*Instructions to follow*.
Please copy exactly the line containing "Casa Fernandez New" and every line after it, through the last line of the records below, leaving out all pictures.

Stored dataset items:
=======

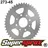 Supersprox Performance Kit Kettensatz für KTM 125 Duke 11-13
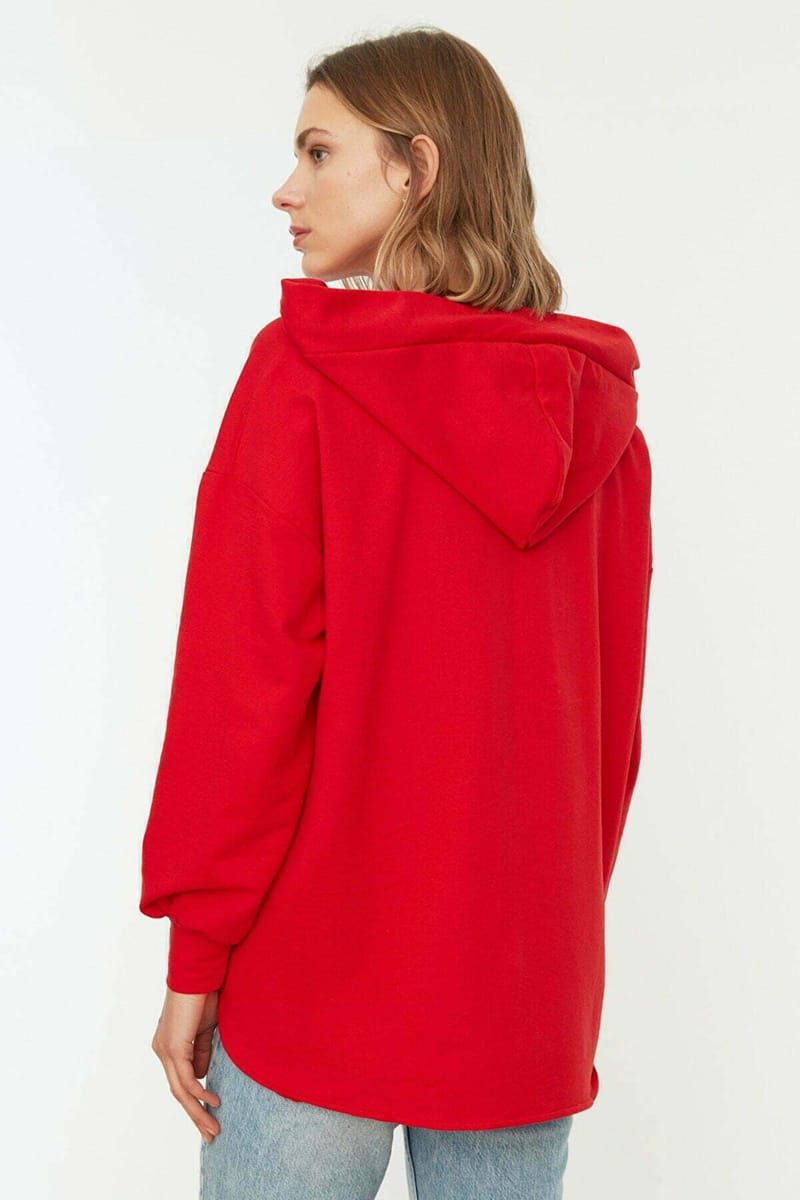 Classic Oversized Hoodie - Hoodies 34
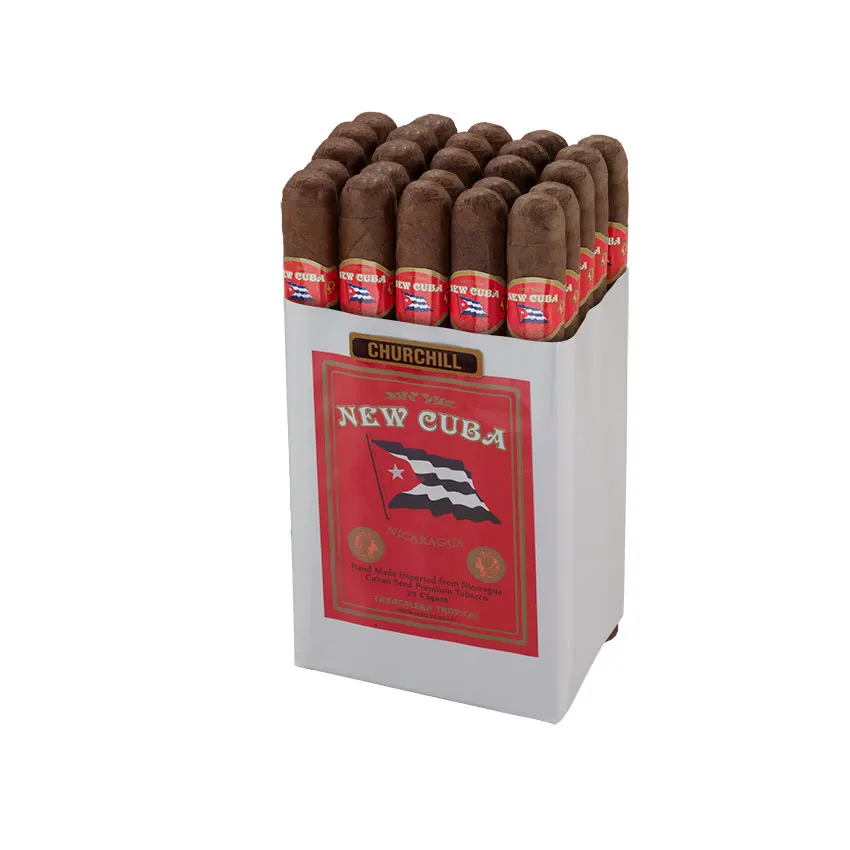 Casa Fernandez New Cuba Churchill Natural | Churchill | Bundle of 25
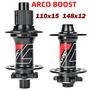 Imagem de Cubos de Bicicleta MTB Arc MT009 - 32 Furos, Boost, Rolamento Selado, 114 Cliques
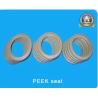 Buy cheap Wear Resistance Peek Seat Ball Valve Wear Performance O Ring from wholesalers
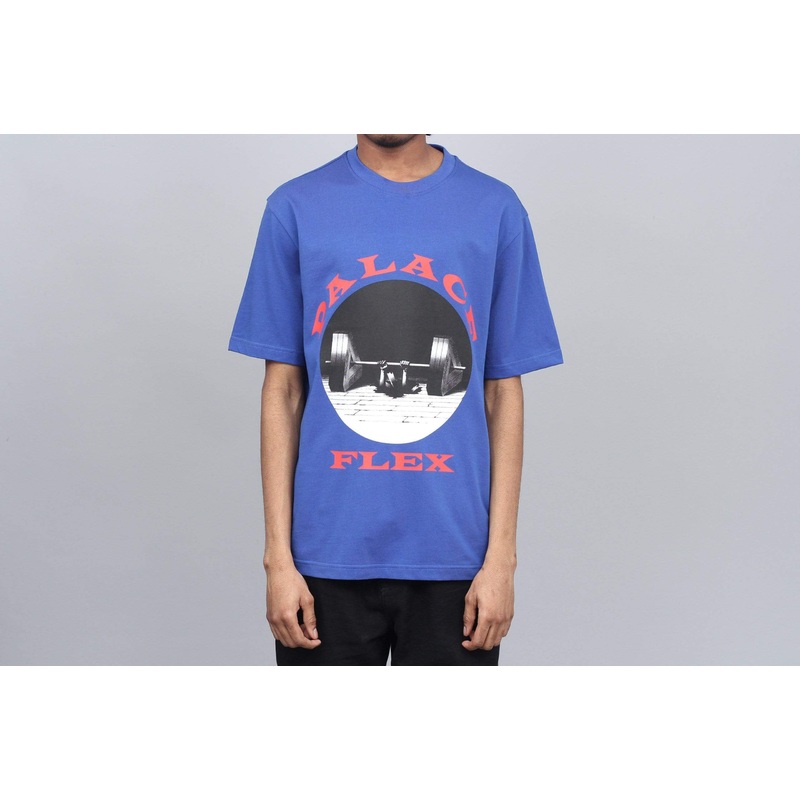 Palace P-Flex T-Shirt Blue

=======

*Answer area*.
 Casa Fernandez New Cuba Churchill Natural | Churchill | Bundle of 25
 Imagem de Cubos de Bicicleta MTB Arc MT009 - 32 Furos, Boost, Rolamento Selado, 114 Cliques
 Buy cheap Wear Resistance Peek Seat Ball Valve Wear Performance O Ring from wholesalers
 Palace P-Flex T-Shirt Blue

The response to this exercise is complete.